Some rules are designed to preserve social order by imposing stigmas on unseasonal attire while others are necessary to avoid potential stabbing or mauling catastrophes. All attempt to avert crises that may arise as unintended consequences of our actions.
As often as the rules of style, camping and crafting are broken, so too are financial rules transgressed. The penalties for doing so vary in severity between the ramifications for wearing summer white at Halloween and fleeing from a grizzly bear demanding snacks.
But breaking these rules for borrowing can leave you hemorrhaging money, and that doesn't ever look good.
Rules to live by
Follow these guidelines to keep more of your money where it belongs -- in your wallet.
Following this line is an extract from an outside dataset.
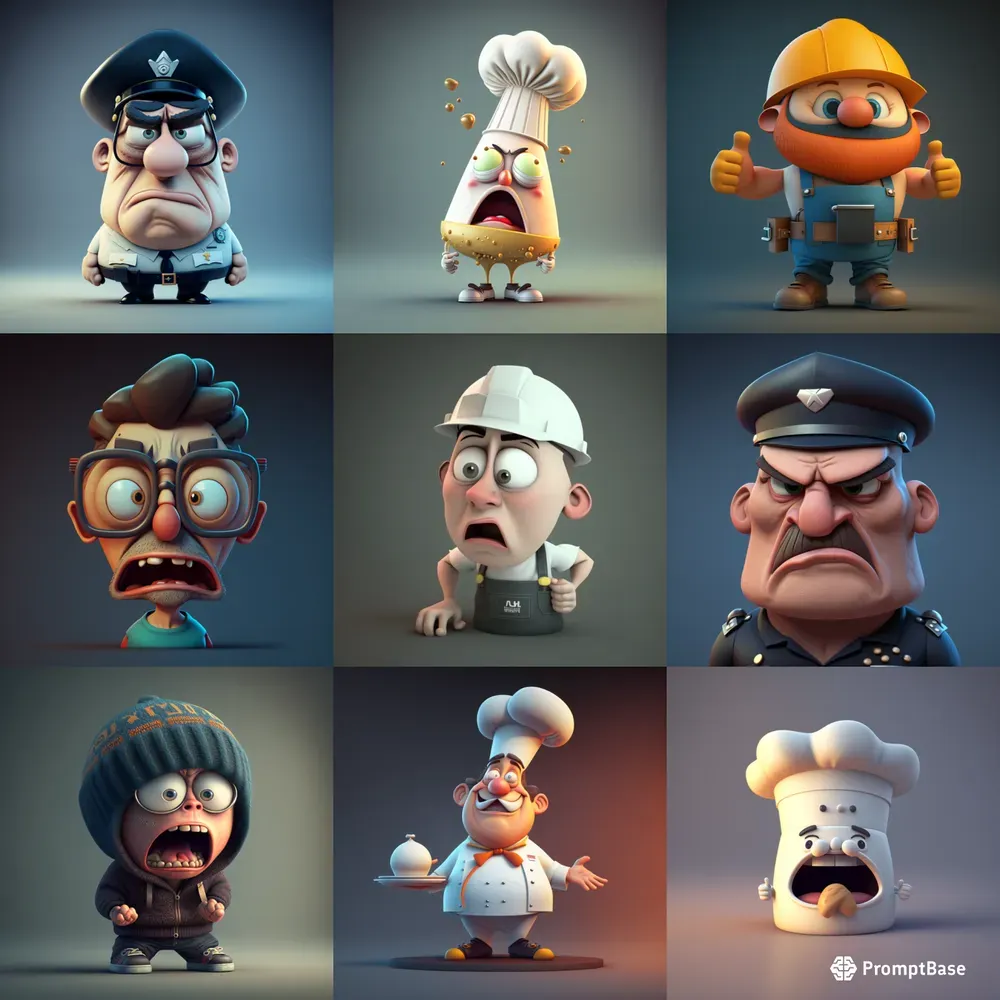 3D Expression Characters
10 borrowing do's and don'ts
- Do save money while repaying debt
- Do find the best interest rate
- Do read the fine print
- Do pay on time -- every time
- Do remember that borrowed money is not free
- Don't borrow frivolously
- Don't fall victim to bad loan products
- Don't borrow money without telling your spouse
- Don't carry credit card balances
- Don't borrow more than you can afford
1. Do save money while repaying debtTheories abound on whether borrowers should repay debt while saving or forgo saving to pay off debt faster.
Depending on the depth of the hole you've dug, it can take years to get out of debt. So some savings must be established and maintained to establish a healthy bottom line.
At minimum, put in place an emergency fund to prevent further borrowing in case of a rainy day. Most experts recommend stashing enough cash to cover between three and six months worth of expenses. Some say you can get away with less, but no one ever went wrong saving too much money.
It's a balancing act for sure, but one that can be accomplished by a little math and strict adherence to the overriding personal finance dictum that you must live below your means.
"There isn't any magic to this. Everyone has a certain amount of income, and the only way to save money or pay off your debts is to spend less than your income," says Adele Brady Bolson, CPA and member of the AICPA's CPA National Financial Literacy Commission.